Image-caption web data
____
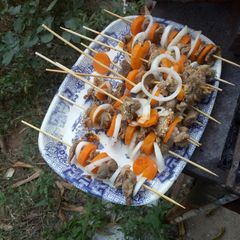 A picture of Homemade mshikaki.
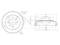 Rear brake drum thumb
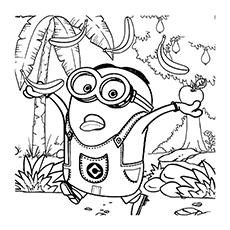 Featured image of post Free Printable Minion Coloring Pages Characters of these pictures are funny yellow creatures slightly resembling aliens and doing their best to please their host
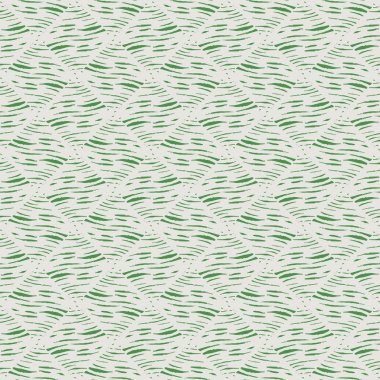 Soyut yeşil seamless modeli bej renkli arka plan üzerinde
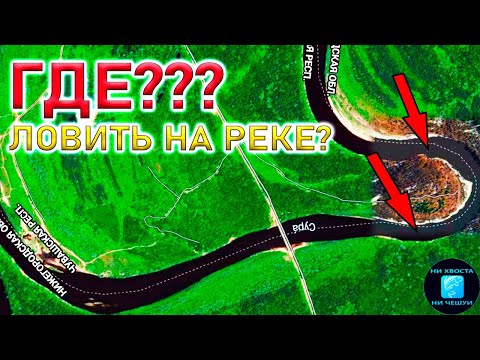 Где Ловить На Реке На Фидер!Секреты Поиска Места Для Рыбалки И Поиск Точки Ловли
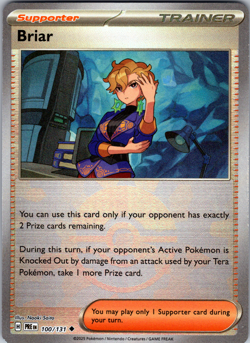 Briar Pokeball 100/131 SV: Prismatic Evolutions Uncommon - NM - Image 1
____
- **Problem requirements**
Restate the data above verbatim, skipping every image.

- **Answer section**
 A picture of Homemade mshikaki.
 Rear brake drum thumb
 Featured image of post Free Printable Minion Coloring Pages Characters of these pictures are funny yellow creatures slightly resembling aliens and doing their best to please their host
 Soyut yeşil seamless modeli bej renkli arka plan üzerinde
 Где Ловить На Реке На Фидер!Секреты Поиска Места Для Рыбалки И Поиск Точки Ловли
 Briar Pokeball 100/131 SV: Prismatic Evolutions Uncommon - NM - Image 1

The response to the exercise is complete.